Groupe Per L'Avvene à l'Assemblée de Corse.
Groupe Per L'Avvene à l'Assemblée de Corse.
- Pourquoi avez-vous refusé de travailler en Commission ?
- Ce n’est pas le rôle d’une commission de rédiger un projet de plan. Son rôle est d’amender un document finalisé et d’en préciser certaines dispositions. Plus qu’une Commission, il s’est agi d’une réunion de travail des élus de la majorité pour tenter de clarifier ce qui ne l’était pas dans le document initial. Gilles Simeoni nous reproche notre absence en nous rappelant que nous avions participé aux travaux en 2016. Je lui réponds qu’en 2016, il ne disposait que d’une majorité relative qui l’obligeait à transiger. Il n’en a plus besoin aujourd’hui puisqu’il dispose d’une majorité absolue. Pourquoi donc perdre notre temps ? Nous validons l’option CSR, nous continuons à demander une étude sur une unité de valorisation énergétique dimensionnée, nous applaudissons l’initiative de la CAPA sur le centre de surtri … Autant de points qui ne font pas l’unanimité.
 
- La majorité critique le sur-dimensionnement du projet de la CAPA qu’elle taxe d’« insulte à l’intelligence ». Ces arguments ne sont-ils pas entendables ?
- Ce qui est une insulte à l’intelligence, c’est de présenter une étude qui se fait passer pour un plan qui n’en est pas un et de corriger le tir en adoptant un amendement de dernière minute dans le but de clarifier la position de l’Exécutif ! S’il y a des divergences techniques sur le projet de la CAPA, elles n’avaient pas à être débattues dans cet hémicycle, mais en comité de pilotage auquel l’Office de l’environnement participe. Je constate tout simplement que la majorité nationaliste a sciemment focalisé le débat sur ce que la CAPA fait, ce qui contraste terriblement avec ce qu’elle, elle ne fait pas !
 
- Vous accusez la majorité territoriale d’être incapable de trancher. Elle prétend suivre la loi. Que répondez-vous ?

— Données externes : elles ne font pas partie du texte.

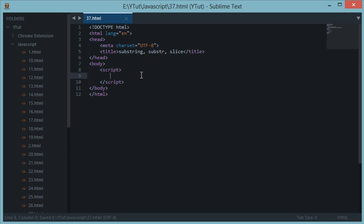Hello YouTube and welcome to your 37th JavaScript tutorial. In this tutorial we'll be learning about three methods of string called substring, substr, and slice. These three methods are basically used to extract a portion of string from a very long string.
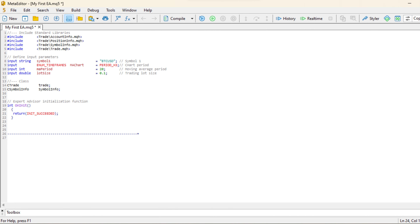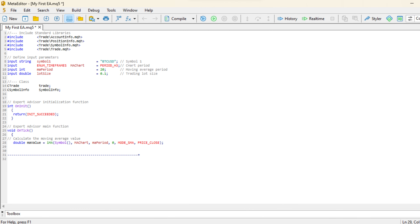The OnInit function is the initialization function of the EA. It's executed when the EA is attached to a chart or when the chart is refreshed. In this example, it returns INIT_SUCCEEDED, indicating successful initialization.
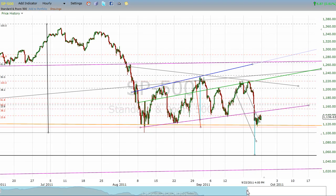I'm waiting and hoping for a little bit more rally to go short. So let's see if we get that. If not, then I'm not going to chase up or down.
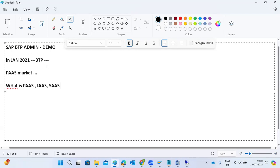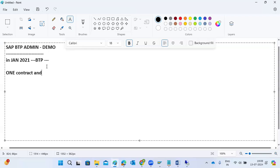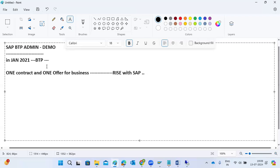BTP comes under the PaaS market — Platform as a Service. In 2021, SAP introduced one contract and one offer for business customers. They marketed this with the name 'Rise with SAP'.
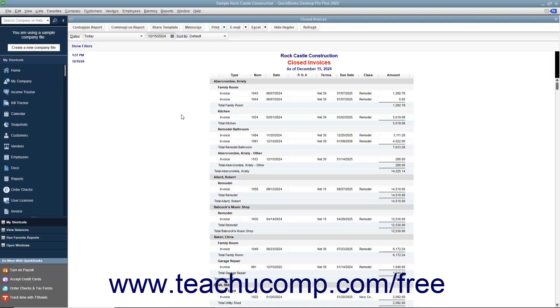QuickBooks Desktop Pro allows you to comment on line items within reports. Reports with commentary can be saved within QuickBooks into a special commented reports group. In this lesson, you will learn how to comment on reports in QuickBooks and manage your commented reports.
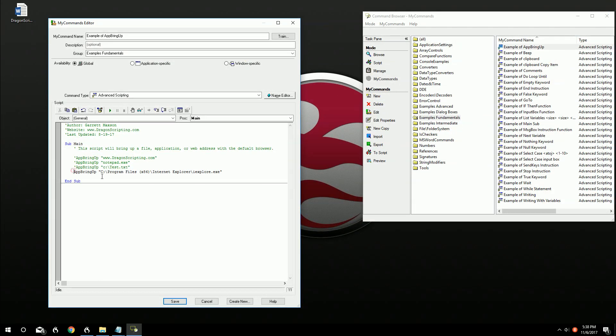So that's just the easy ways of using AppBringup. It's kind of versatile. You can have web pages, Notepad, specific files, general file or general programs. Very easy to use. There's also other ones like Shell, but that's a little bit more complicated. They give you a little bit more options to customize what you're doing exactly. But for fundamentals, this is just really simple to use.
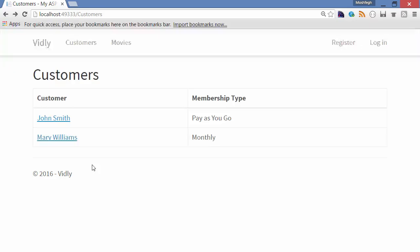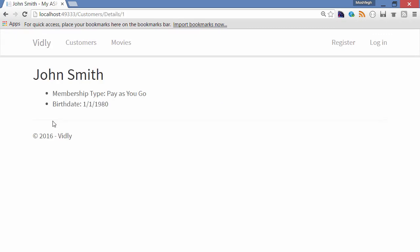Ok, the second exercise. Let's click on a customer and a customer details page. Now we have more details about that customer. You have their membership type and birth date.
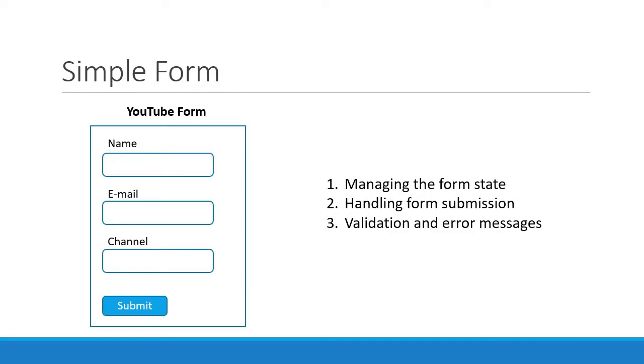Once we implement these listed topics, we will then see how Formik can further simplify our code. Alright, with this in mind, let's head over to VS Code to add the HTML for this simple form.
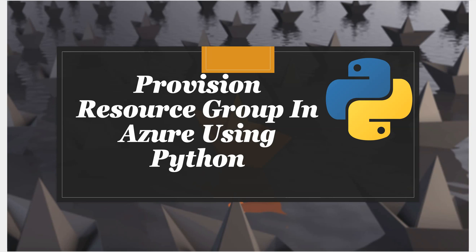Hello everyone, in this video I will talk about how you can provision a resource group in Azure using Python. For performing this entire activity we'll be using Azure SDK management libraries, and you need to make sure that you have an active Azure subscription with you.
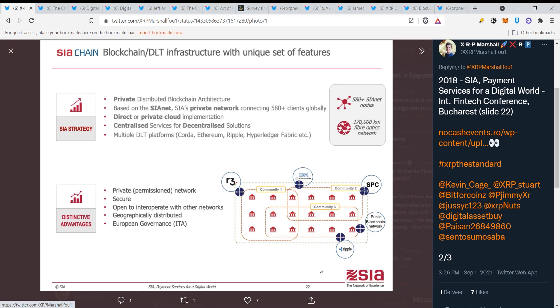Multiple DLT platforms: Corda, Ethereum, Ripple, Hyperledger Fabric, etc. Now you have to understand that there are more cryptocurrencies related to this. R3 Corda, I think XDC is working with them, and then we have Hyperledger which is Quant. These are all in the same ecosystem, and there is Algorand which is doing the same stuff.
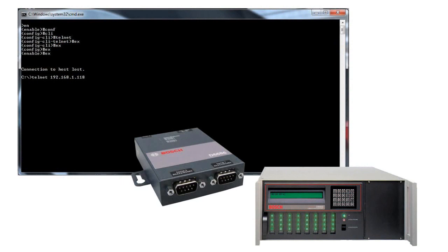This video describes how to secure the D6686 IP communicator to prevent internet-based attackers from using all available sessions and locking the device.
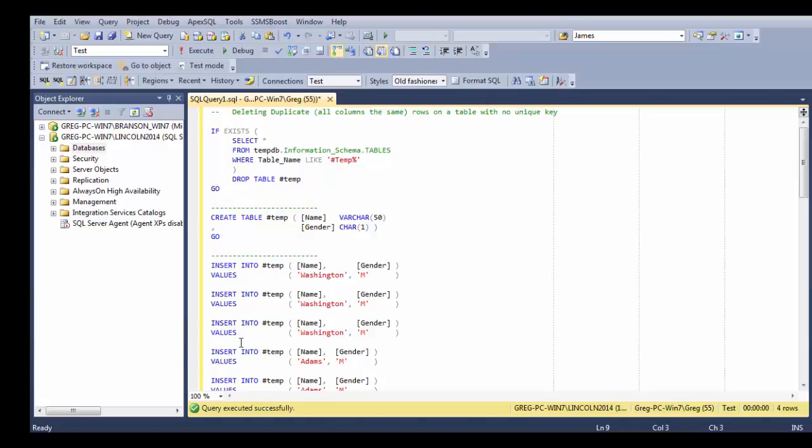OK, in this video I'm going to show you how to delete duplicates from a table where there is not a unique key for the table on any of the columns.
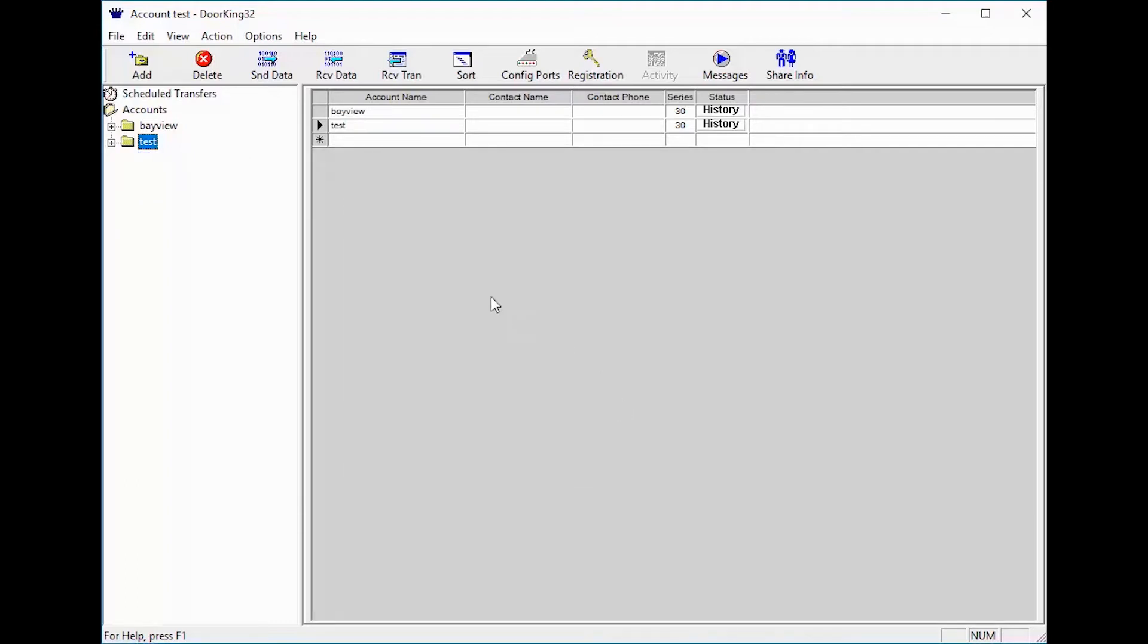Now let's view the transactions. Click the plus sign next to your account. With the account folder now open, click on transactions to view all the transactions we just received.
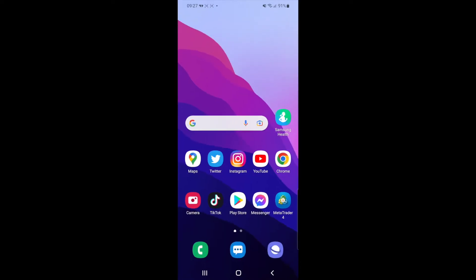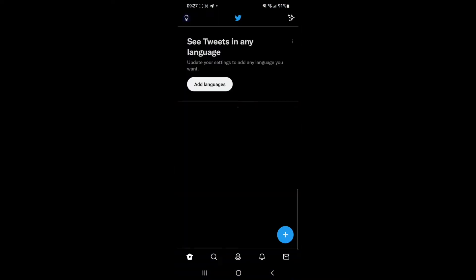In today's video I'm going to show you how you can switch to a professional account on Twitter. So the first thing you will need to do is head over to your Twitter app. Once you open it, you need to head over to your profile.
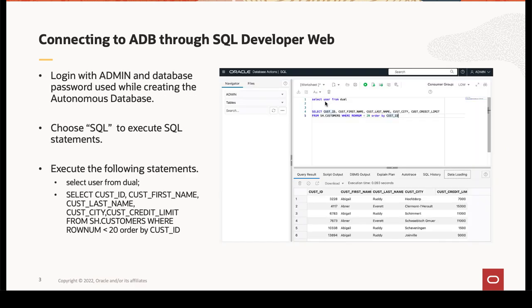Step three is to verify if you are able to connect to the autonomous database using SQL Developer Web. Once you are logged in, you can do select user from dual, which will print the database user logged in.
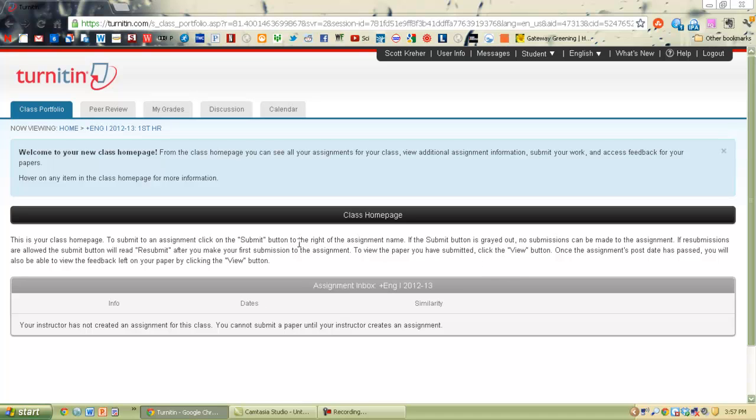Now you can go ahead and click that class and then from here you'll see assignments down here when you need to and then you'll submit them on this page. That's about it for this one, that's how to create an account on Turnitin.com. Adios.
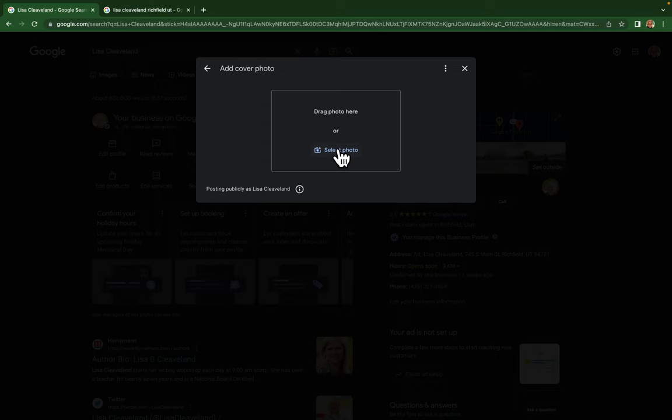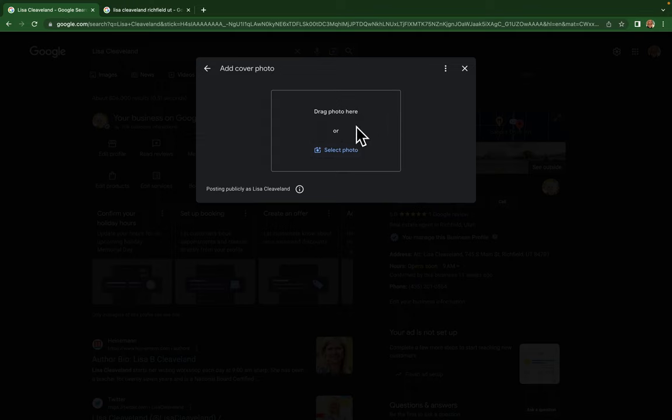They will review it. Now, there are times that Google will not change it. Basically, they reserve the right to put whatever cover photo there that they think best represents your business. So unfortunately, that's their guidelines, but this is how you would try to change it.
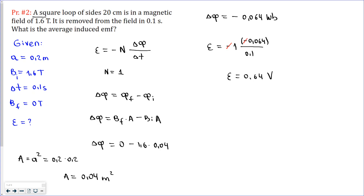What's the difference between average induced EMF and just induced EMF? Actually they are the same, because we are dealing with a time interval — every time we find the induced EMF it is going to be an average. Now let's move to the third problem.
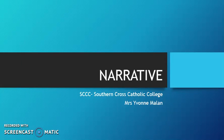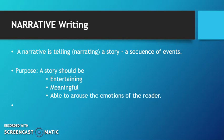This is brought to you by Southern Cross Catholic College. Narrative Writing. A narrative is telling or narrating a story, a sequence of events.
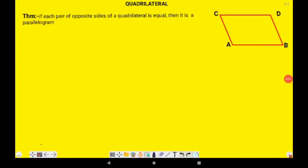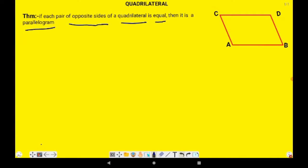Hello everyone, welcome to this YouTube channel Mathematics Professional. Today I will take an important theorem for you in the 9th class chapter number 8, quadrilateral. So what is the theorem today? If each pair of opposite sides of a quadrilateral is equal, then it is a parallelogram.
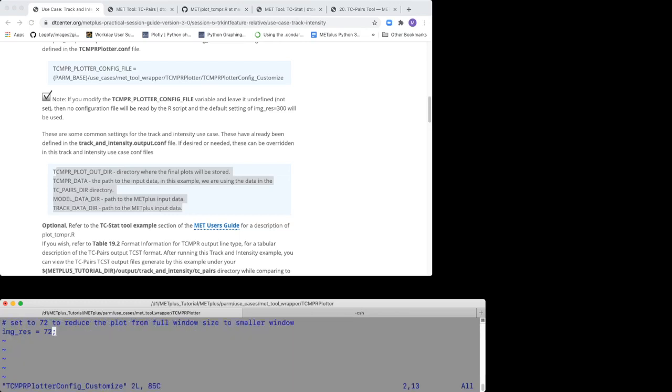When you open the file, you can see that it has only one key value setting, image_res equals 72. This value dictates the image size of the plot that is created.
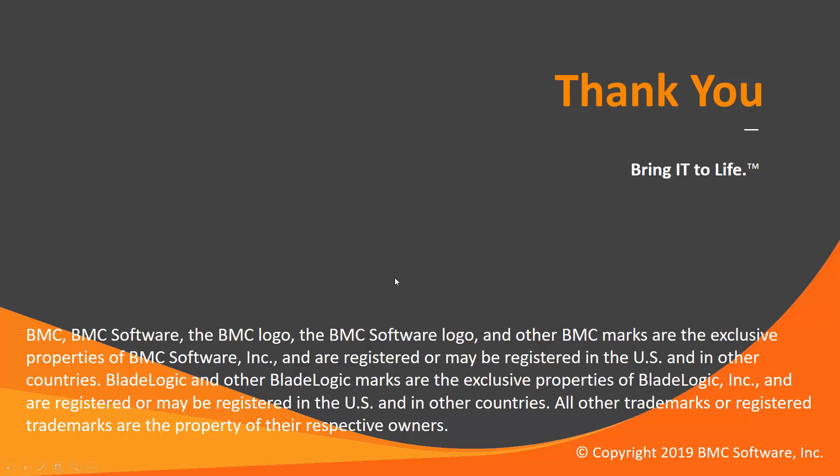This concludes this CTRL-M solution video. The workload automation support team is available to help you if any assistance is needed. Thank you.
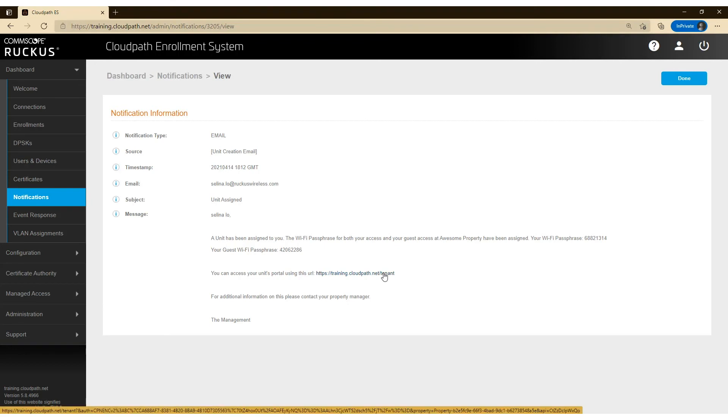So I can go ahead and if you notice, there's no username or password for that. It's actually all hidden behind a token. And at the very bottom of the screen, you can actually see what that token is. So let's go ahead and click on that and log into Selena's tenant portal.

- Si elle suivait la loi, nous n’en serions plus à tergiverser car la loi est très claire. Généralisation du tri à la source des biodéchets, dès le 1er janvier 2024. Taux de recyclage de 55 % en 2025 : l’objectif fixé en 2016 était de 60 % en 2019 ! Réduction de la production de déchets : rien de tangible dans le projet de plan ! Réduction drastique de l’enfouissement avec 10% maximum de déchets enfouis en 2035. Valorisation de 70% minimum des ordures ménagères résiduelles non recyclées et non compostées avec un renforcement de la filière des CSR. Recyclage de 70% des déchets du BTP.
 
- La majorité vous accuse en retour de critiquer sans apporter de solutions. Qu’en est-il ?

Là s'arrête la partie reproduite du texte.